EXTRACTED INFORMATION.

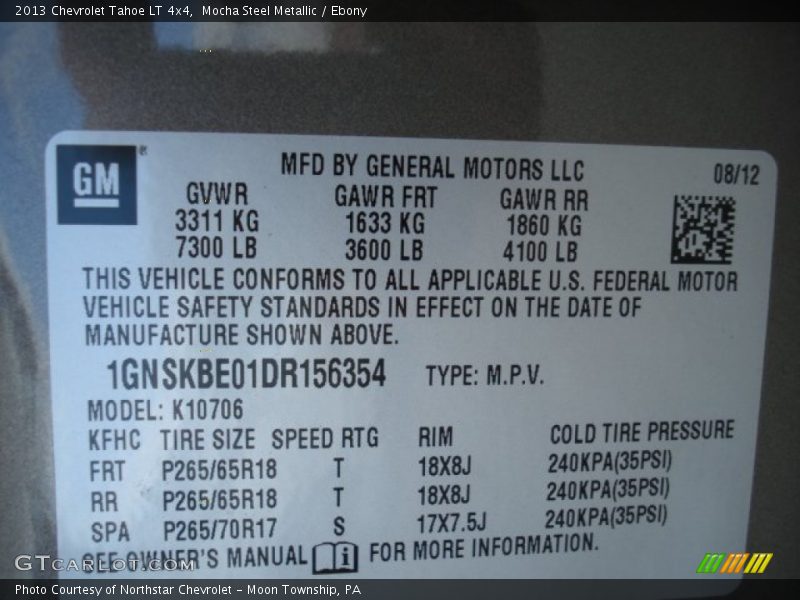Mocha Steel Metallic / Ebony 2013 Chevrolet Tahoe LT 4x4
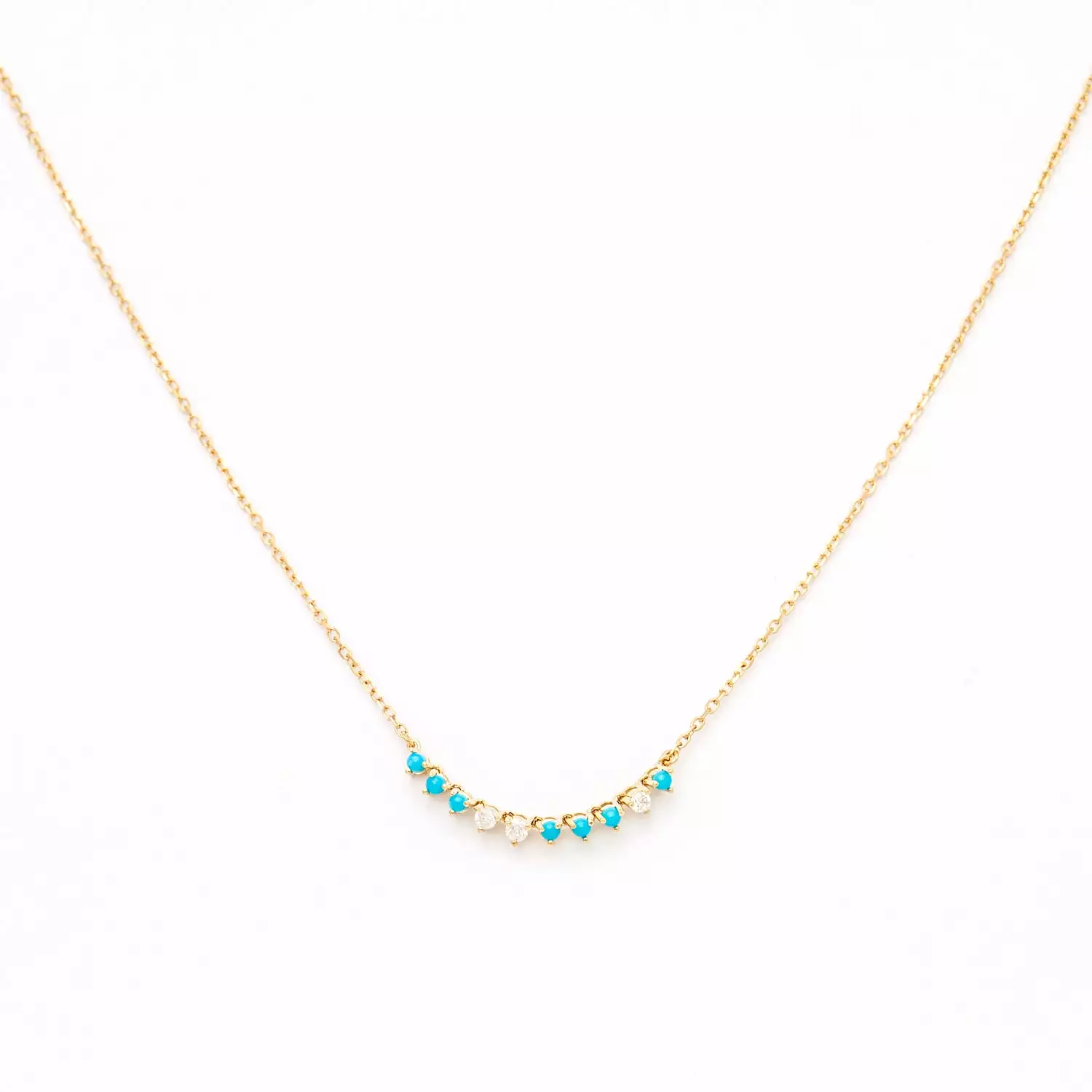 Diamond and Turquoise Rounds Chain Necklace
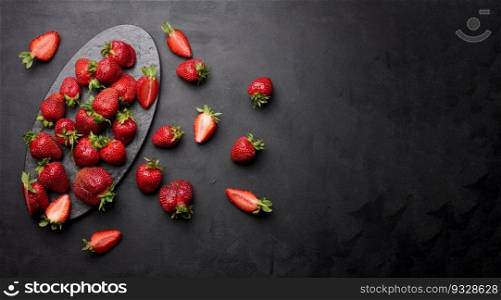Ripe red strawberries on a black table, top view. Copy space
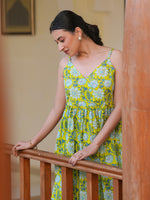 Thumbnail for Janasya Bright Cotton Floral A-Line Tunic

==

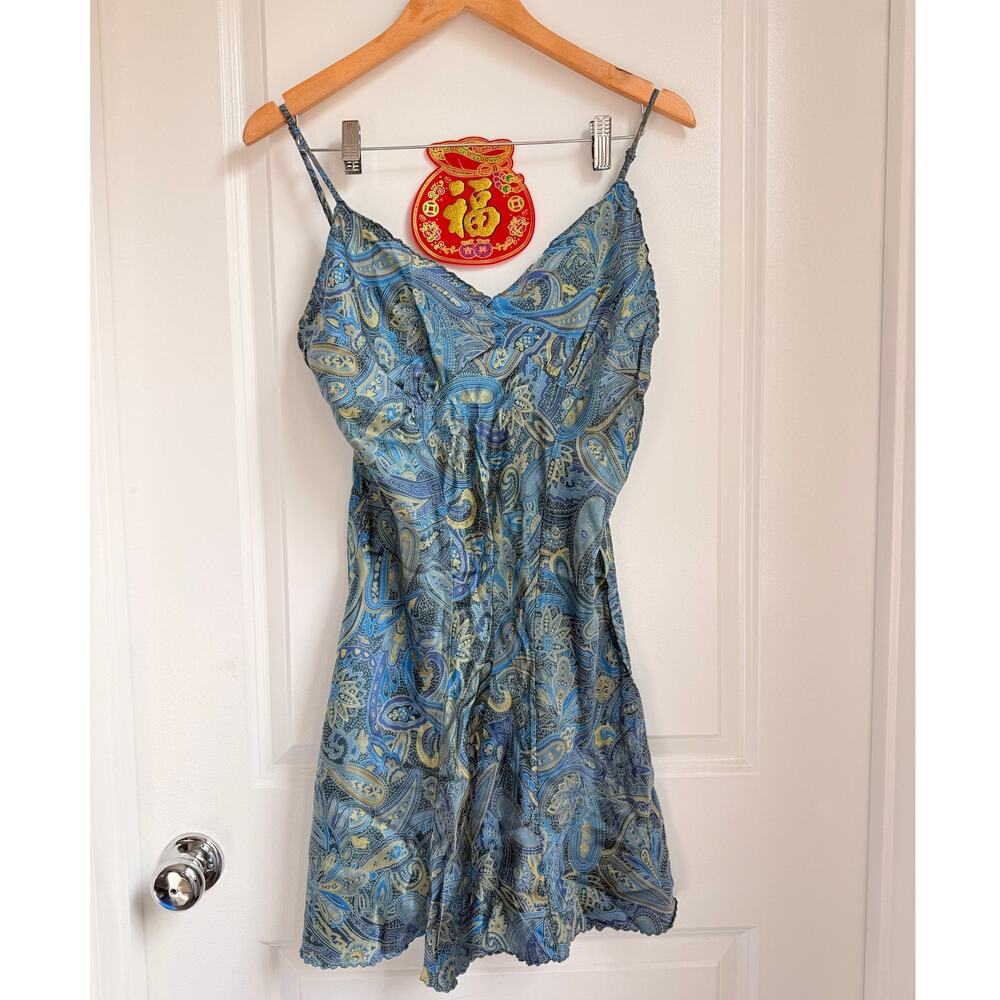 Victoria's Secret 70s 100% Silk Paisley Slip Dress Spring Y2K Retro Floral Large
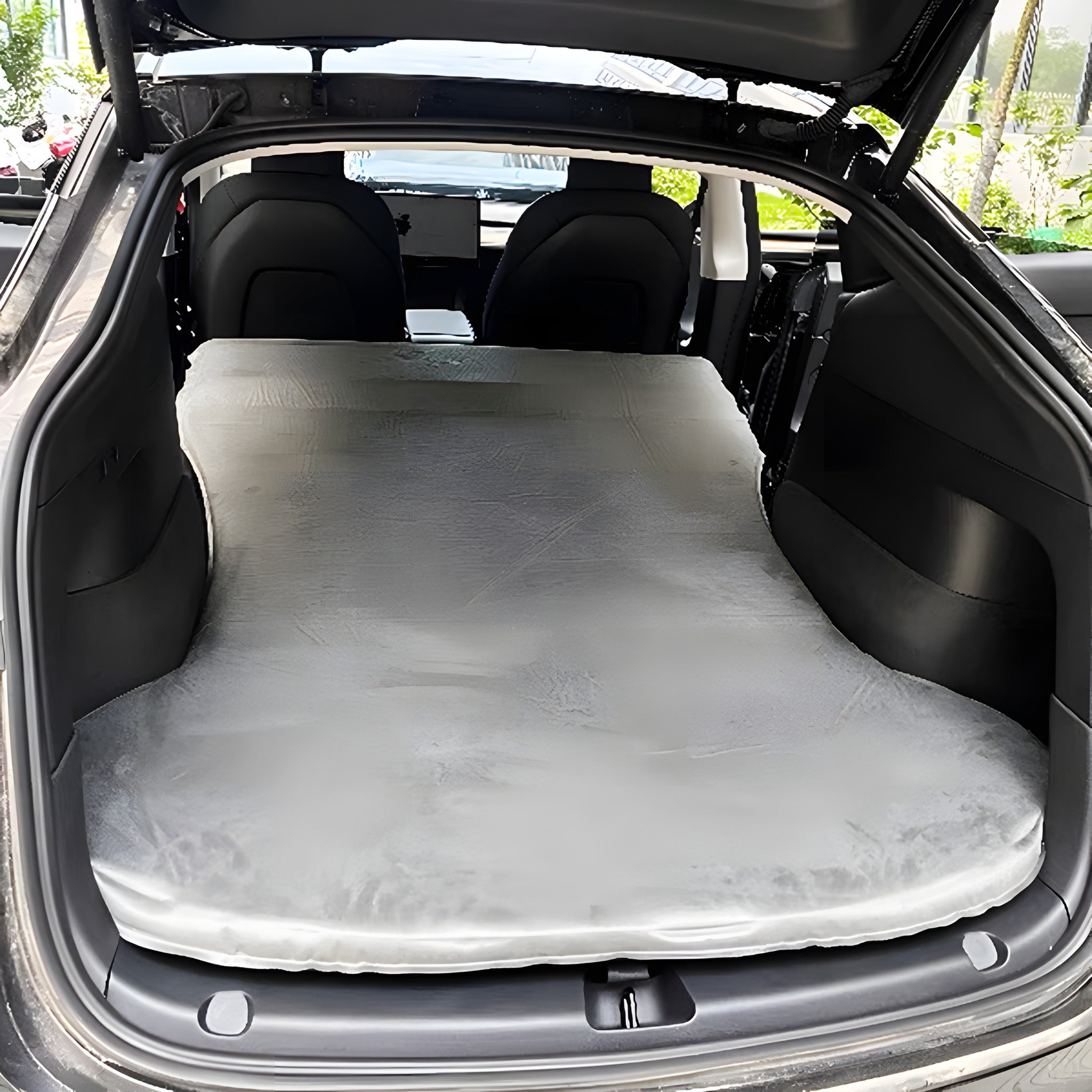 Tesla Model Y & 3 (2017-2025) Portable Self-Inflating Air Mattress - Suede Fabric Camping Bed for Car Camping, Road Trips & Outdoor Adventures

PROBLEM STATEMENT.
Using the data above, transcribe exactly the lines between those containing "Mocha Steel Metallic" and "Thumbnail for Janasya", inclusive, and leave every picture behind.

FINAL ANSWER.
Mocha Steel Metallic / Ebony 2013 Chevrolet Tahoe LT 4x4
 Diamond and Turquoise Rounds Chain Necklace
Ripe red strawberries on a black table, top view. Copy space
 Thumbnail for Janasya Bright Cotton Floral A-Line Tunic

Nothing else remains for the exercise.